Bahnhofsausbau in Bern: «Haben wir denn überhaupt eine Wahl?»

Nr. 3 –

Bern soll einen neuen Tiefbahnhof für den Regionalverkehr erhalten. Zehn Jahre hat Verkehrsdirektorin Barbara Egger (SP) alle Kritik am 870-Millionen-Projekt unter dem Deckel gehalten.

Er ist zu klein und soll unter der Berner SBB-Perronhalle neu gebaut werden: Der unterirdische Kopfbahnhof für die Schmalspurbahn Regionalverkehr Bern-Solothurn. Foto: RBS

Im November 2013 lief die Referendumsfrist ab.
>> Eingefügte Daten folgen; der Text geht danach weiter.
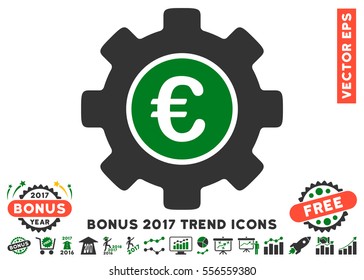 Green And Gray Euro Development Gear pictograph with bonus 2017 trend design elements. Vector illustration style is flat iconic bicolor symbols, white background.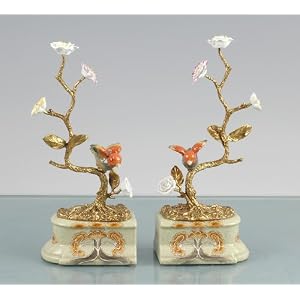 Hand Painted Porcelain and Brass Decorative Bookends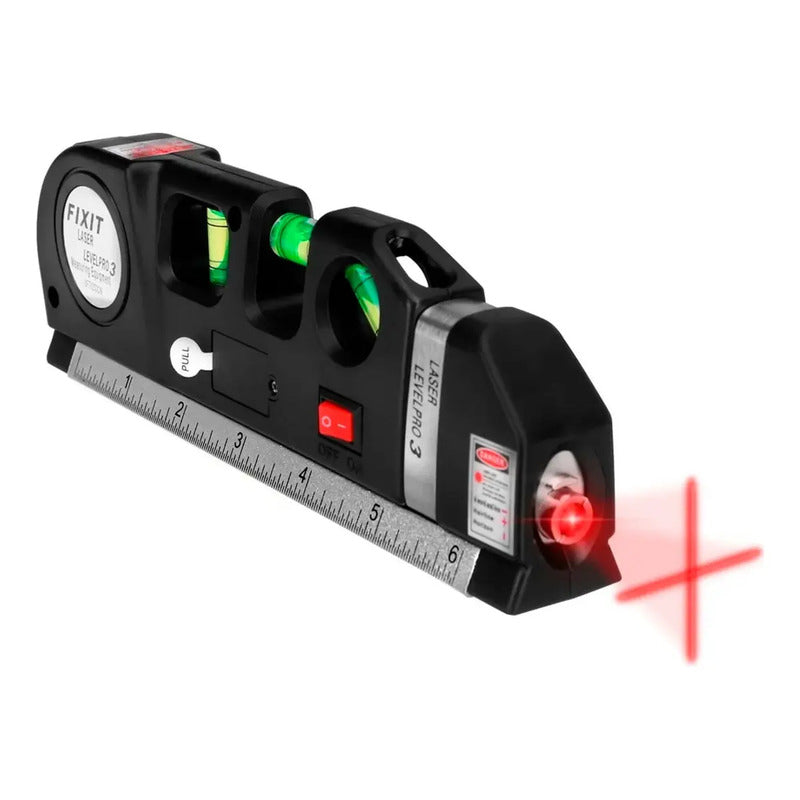 Fixit Nivel Laser 3 Burbujas Cinta Métrica Regla Cruz Horizontal Vertical Negro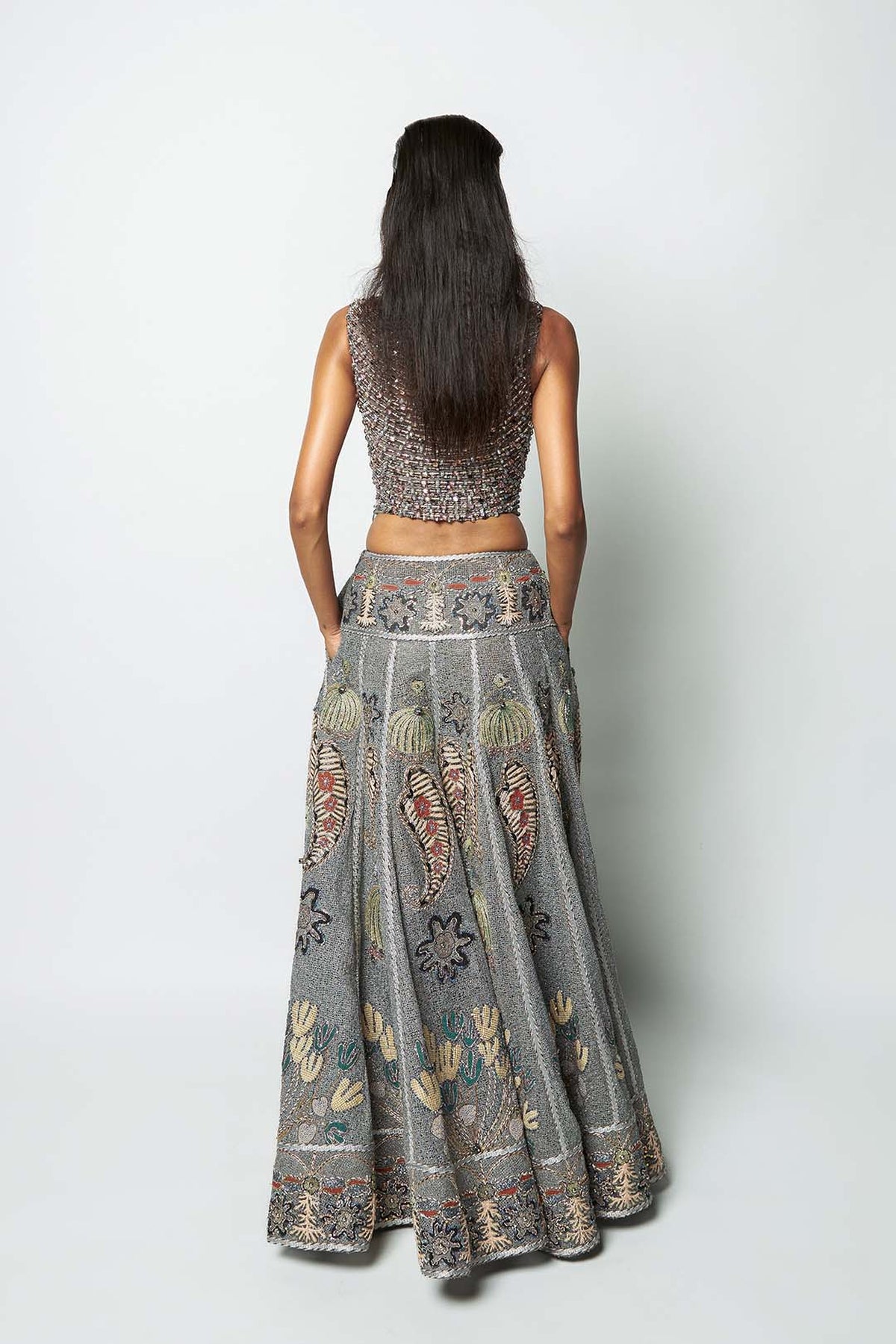 Interstilla - Grey Mesh lehenga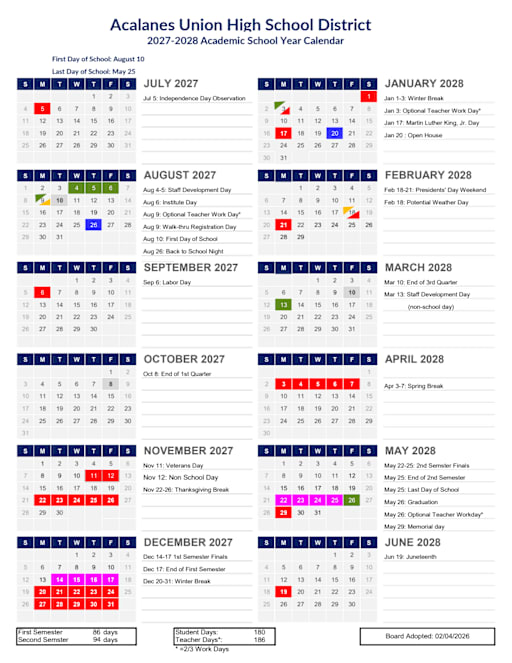 Academic Calendar 2027-2028 - Acalanes Union High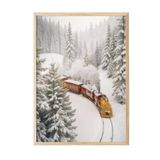 Postifull Holiday Train Yılbaşı Tablo, Ahşap Çerçeve Ve Poster, Dikey Duvar Tablosu Comfort Serisi No:108470;30 X 40 Ahşap Çerçeveli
Damit ist das Projekt «Zukunft Bahnhof Bern» (ZBB) auf kantonaler Ebene entschieden. In einer ersten Etappe soll unter der SBB-Perronhalle ein viergleisiger Schmalspurtiefbahnhof für Züge der im Pendlerverkehr wichtigen RBS (Regionalverkehr Bern-Solothurn) erstellt werden. Die Bahnanlagen kosten 520, die Publikumswege 350 Millionen Franken. In einer zweiten Etappe ist ab 2030 ein oberirdischer Ausbau der Normalspur vorgesehen.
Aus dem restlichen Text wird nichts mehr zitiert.